In 2008, NATO leaders had agreed to eventual Ukrainian membership, but the efforts were halted two years later with the election of President Yanukovych, who advocated for closer relations with Russia. Furthermore, Russia’s annexation of Crimea in 2014 sparked the Russo-Ukrainian war, which was in a stalemate until this full-scale invasion. The Crimean crisis dramatically increased Ukrainian support to join NATO because it would mean better protection from Russia; however, it made the organization much more hesitant because admission would mean NATO would be in direct conflict against Russia.
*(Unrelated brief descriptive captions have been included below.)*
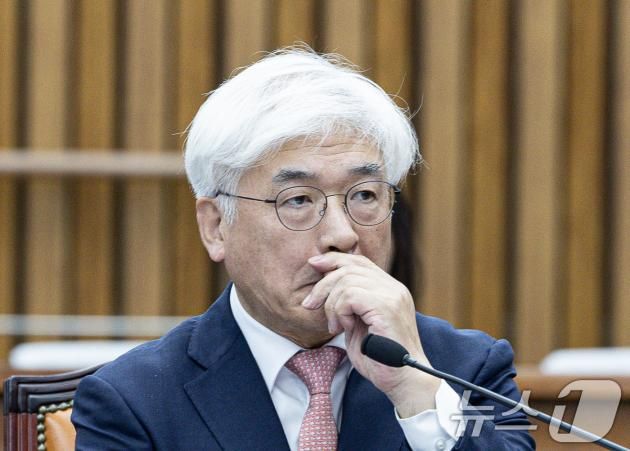 마은혁 헌법재판소 재판관 후보자가 23일 오전 서울 여의도 국회에서 열린 헌법재판소 재판관 선출안 심사를 위한 인사청문회에서 답변을 고심하고 있다. 이날 청문회에는 국민의힘 의원들은 불참했다. 2024.12.23/뉴스1 ⓒ News1 이재명 기자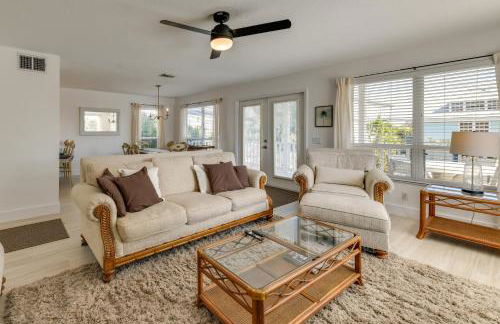 Covered Deck and Bay Views Bradenton Beach Abode! - Foto 9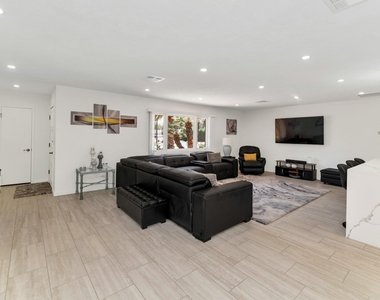 4406 N Dromedary Road - Photo Thumbnail 3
A NATO-Russian war could effectively spark World War III, which would be especially severe in the nuclear age. To prevent this, neither Russia nor NATO could fight against each other directly (this is part of the reason why Russia won’t invade former Soviet Union states that are now NATO members, and why NATO won’t enforce a no-fly zone over Ukraine, which would kill Russians).


Although it won’t spark a war over Ukraine, the alliance can still express opinions: it officially condemned Russia at the beginning of the invasion and supports Ukraine. Individual NATO members are still providing support, too- just not direct military action. Bordering countries including Poland have taken in hundreds of thousands of refugees, Germany is sending lethal weapons for the Ukrainian military in a stunning foreign policy reversal, and many countries are working to economically isolate and collapse Russia.


The question is no longer what NATO would do against the Russian invasion of a non-member state: the answer is nothing, to prevent a bigger crisis and possibly nuclear war. Moving forward, it’s now how foreign powers will use this inaction for future invasions, and how far Russia is willing and able to go past Ukraine.


Through Teen Lenses: Do you think NATO made the right decision by not engaging in the Russo-Ukrainian War?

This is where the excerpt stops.